§ Task prompt
Copy only what lies from the line containing "unrecognizable woman holding" through the line containing "Red alarm clock" in the entries below, keeping both end lines exact and dropping every picture.

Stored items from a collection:

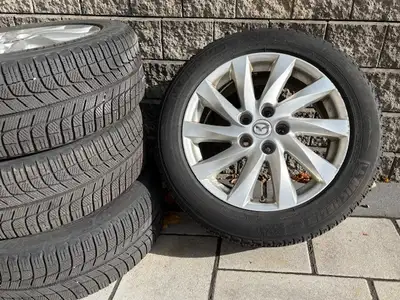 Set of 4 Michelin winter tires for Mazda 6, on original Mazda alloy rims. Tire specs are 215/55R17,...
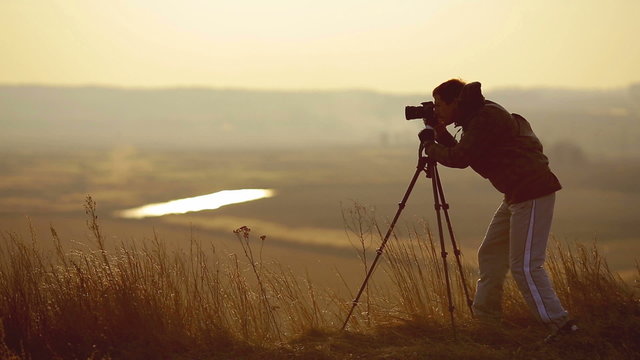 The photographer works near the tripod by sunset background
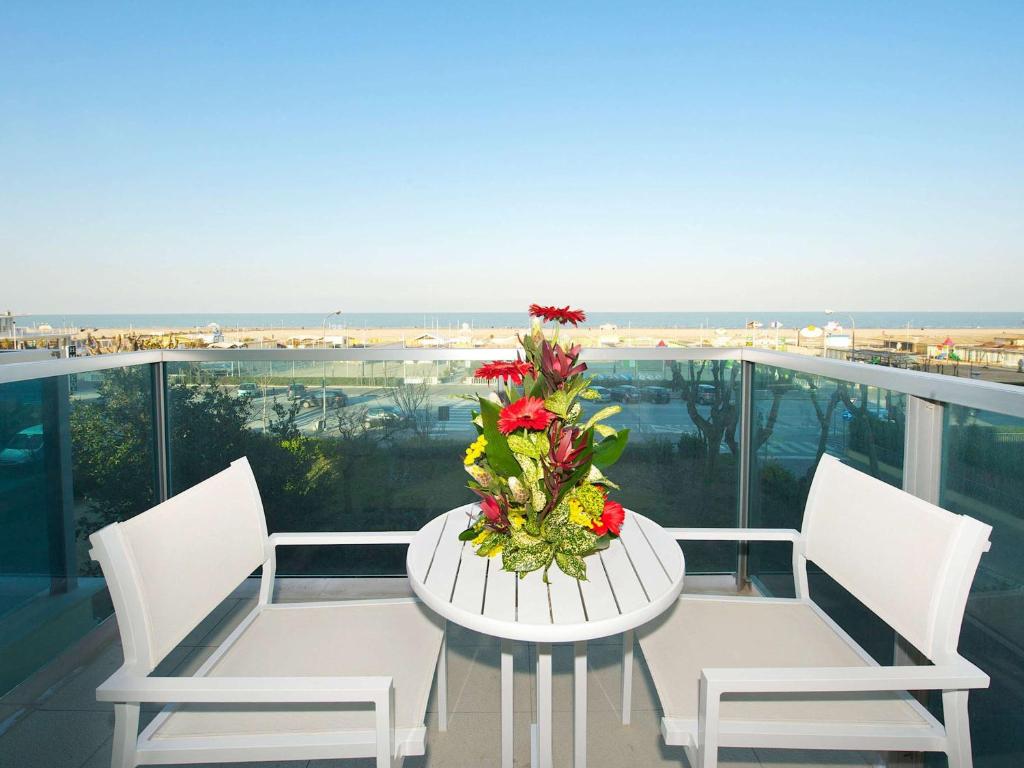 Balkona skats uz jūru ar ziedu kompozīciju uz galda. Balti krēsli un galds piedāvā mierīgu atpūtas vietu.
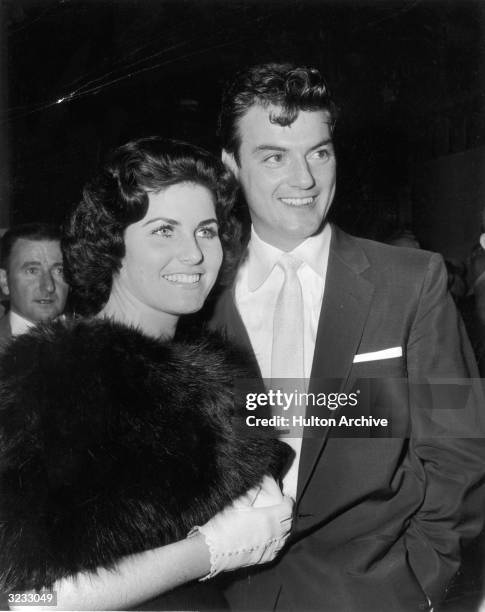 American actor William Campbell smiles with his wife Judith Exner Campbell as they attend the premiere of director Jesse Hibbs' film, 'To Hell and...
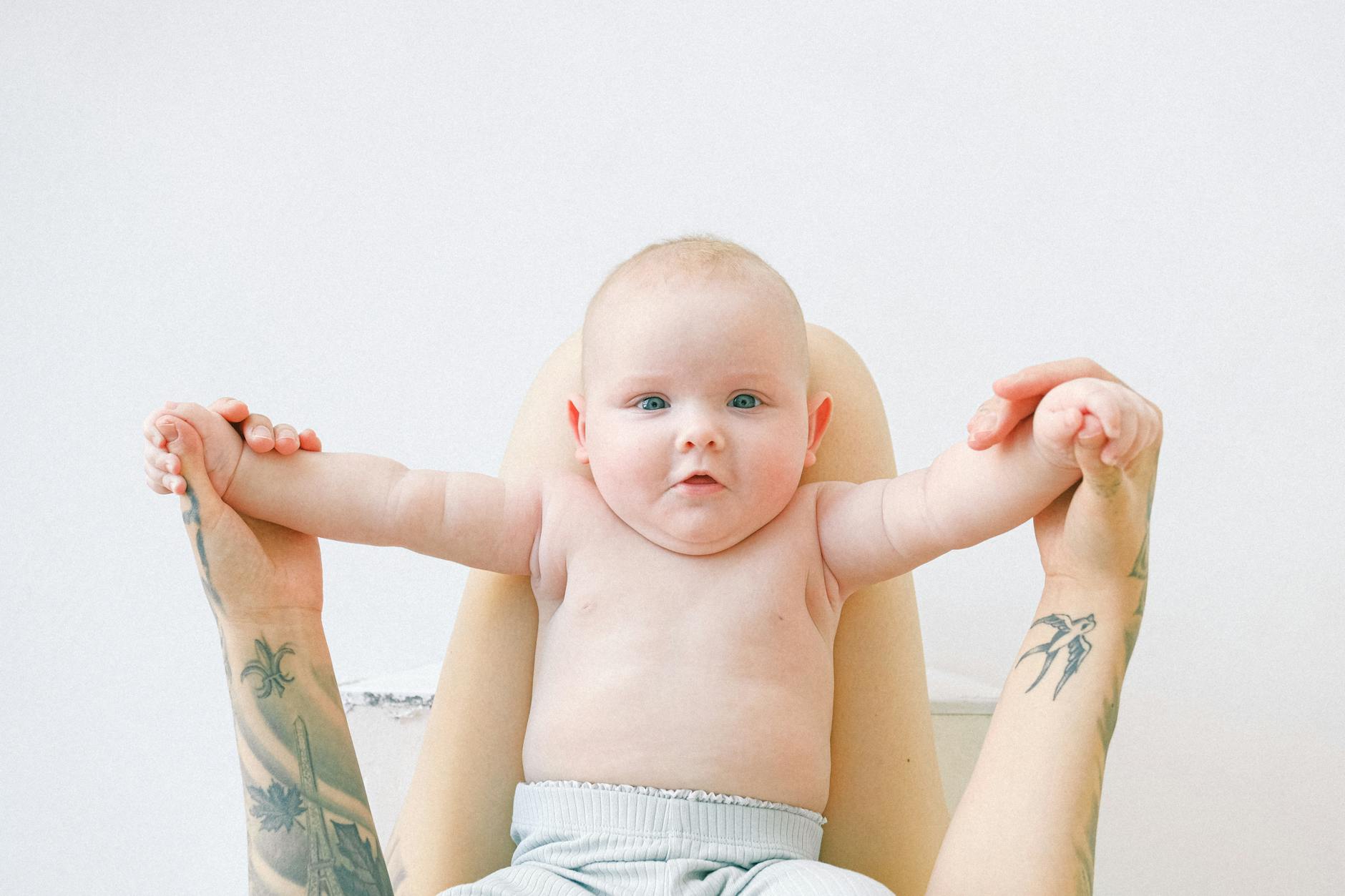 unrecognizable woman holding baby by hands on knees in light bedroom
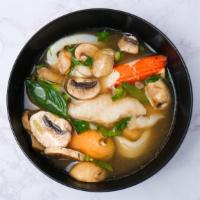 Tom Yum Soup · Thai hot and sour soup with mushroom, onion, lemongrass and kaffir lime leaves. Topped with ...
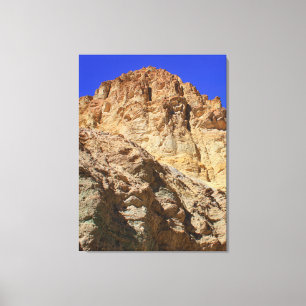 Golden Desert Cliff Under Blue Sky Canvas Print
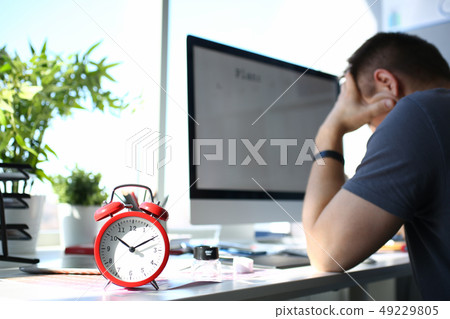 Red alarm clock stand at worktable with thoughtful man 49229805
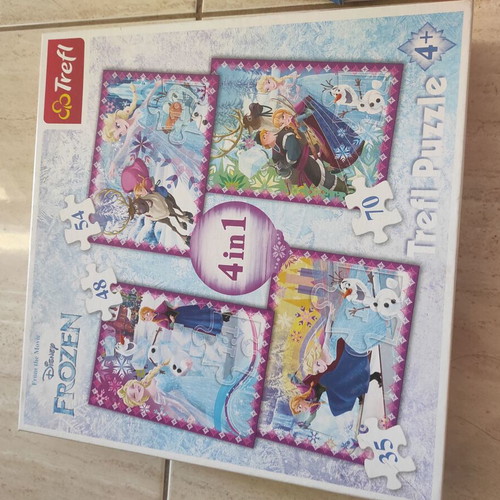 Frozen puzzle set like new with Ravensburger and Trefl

§ Result below
 unrecognizable woman holding baby by hands on knees in light bedroom
 Tom Yum Soup · Thai hot and sour soup with mushroom, onion, lemongrass and kaffir lime leaves. Topped with ...
 Golden Desert Cliff Under Blue Sky Canvas Print
 Red alarm clock stand at worktable with thoughtful man 49229805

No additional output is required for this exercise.